Il est justifié en l'espèce de condamner la caisse d'épargne à remettre à la salariée, dans un délai d'un mois suivant la notification du présent arrêt, un bulletin de salaire récapitulatif sur lequel figureront les rappels de primes alloués.
Il n'est pas nécessaire d'assortir cette condamnation d'une astreinte.
5- Sur les intérêts au taux légal:
Conformément aux dispositions de l'article 1344-1 du code civil, les intérêts au taux légal sur la condamnation prononcée au titre des rappels de primes seront dus à compter de la réception par l'employeur de sa convocation devant le bureau de conciliation et d'orientation du Conseil de prud'hommes.

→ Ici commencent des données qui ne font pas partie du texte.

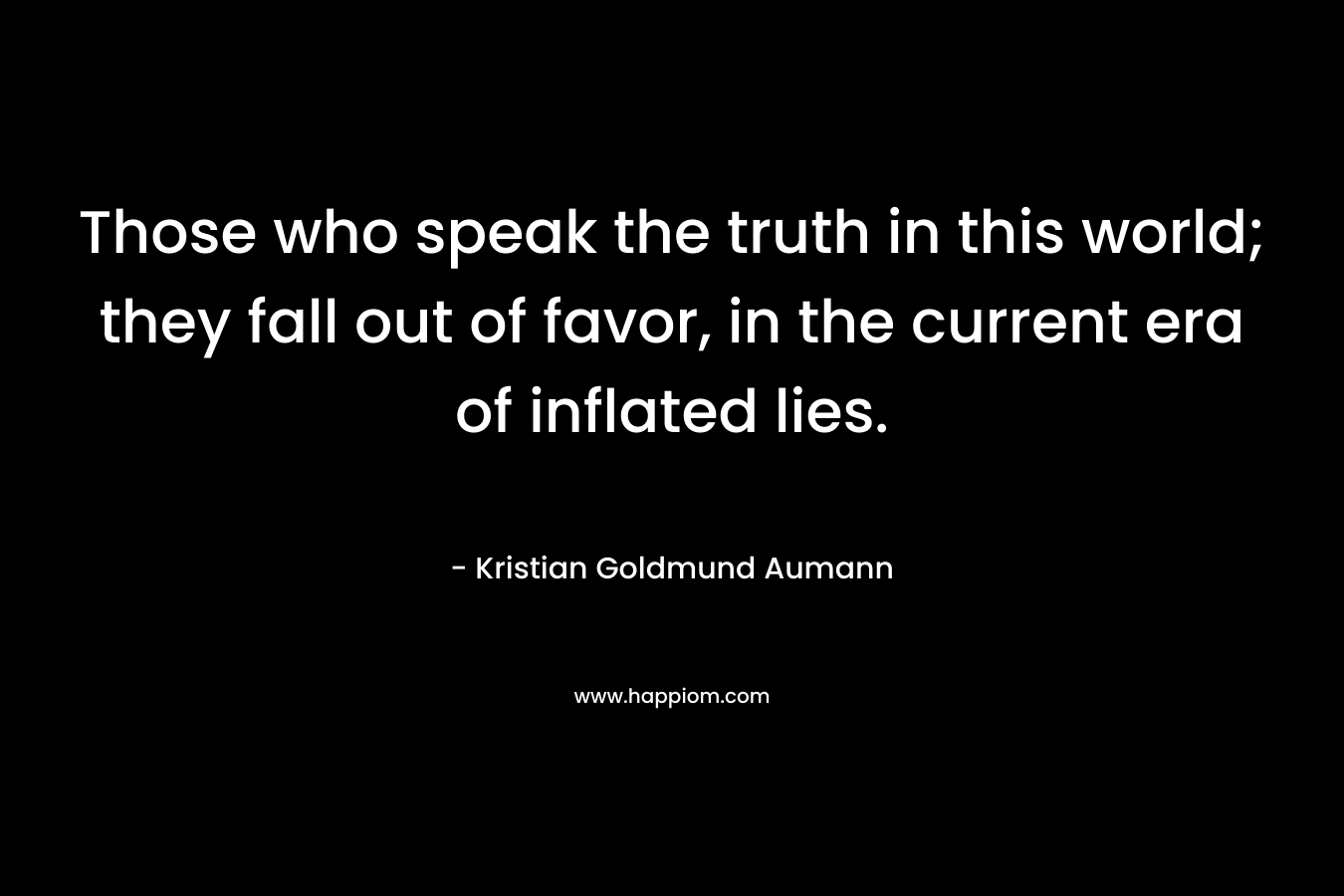 Those who speak the truth in this world; they fall out of favor, in the current era of inflated lies. – Kristian Goldmund Aumann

6- Sur les dépens et frais irrépétibles:
En application de l'article 696 du code de procédure civile, la caisse d'épargne, partie perdante, sera condamnée aux dépens de première instance et d'appel.

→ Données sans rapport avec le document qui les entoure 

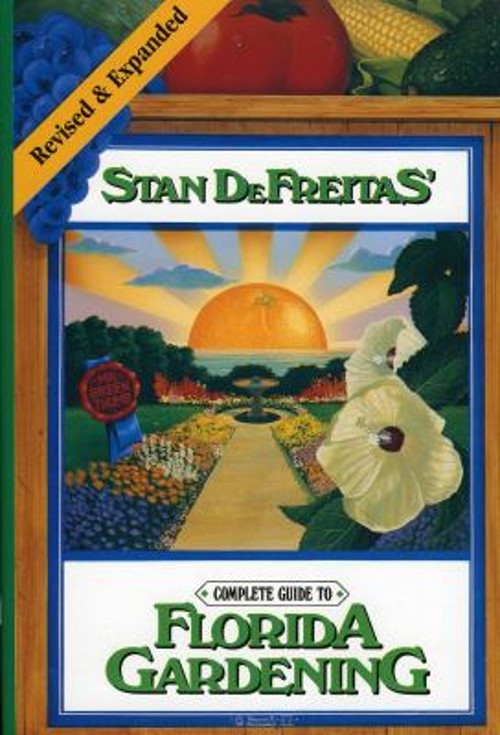 Complete Guide to Florida Gardening, Hardcover, by Stan DeFreitas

Condamnée aux dépens, la caisse d'épargne sera déboutée de sa demande fondée sur l'article 700 du code de procédure civile.
L'équité commande en revanche de condamner la caisse d'épargne à payer à Mme [F] la somme de 800 euros sur le fondement des dispositions de l'article 700 du code de procédure civile.
Il n'est pas inéquitable de laisser le syndicat Sud Solidaires BPCE supporter la charge de ses frais irrépétibles.
PAR CES MOTIFS
La cour,
Infirme le jugement entrepris ;
Statuant à nouveau,
Condamne la Caisse d'Épargne Bretagne - Pays de Loire à payer à Mme [F] les sommes suivantes:
- 113,84 euros à titre de rappel de prime de durée d'expérience
- 53,85 euros à titre de rappel de prime de vacances
- 98,85 euros à titre de rappel de prime familiale ;
Dit que les intérêts au taux légal sur la condamnation prononcée au titre des rappels de primes seront dus à compter de la réception par l'employeur de sa convocation devant le bureau de conciliation et d'orientation du Conseil de prud'hommes ;
Ordonne à la Caisse d'Épargne Bretagne - Pays de Loire de remettre à Mme [F], dans un délai d'un mois suivant la notification du présent arrêt, un bulletin de salaire récapitulatif sur lequel figureront les rappels de primes alloués;
Déboute Mme [F] du surplus de ses demandes ;
Déboute le syndicat Sud Solidaires BPCE de sa demande en paiement de dommages-intérêts ;
Condamne la Caisse d'Épargne Bretagne - Pays de Loire à payer à Mme [F] la somme de 800 euros sur le fondement des dispositions de l'article 700 du code de procédure civile ;
Déboute le syndicat Sud Solidaires BPCE de sa demande fondée sur l'article 700 du code de procédure civile;
Condamne la Caisse d'Épargne Bretagne - Pays de Loire aux dépens de première instance et d'appel.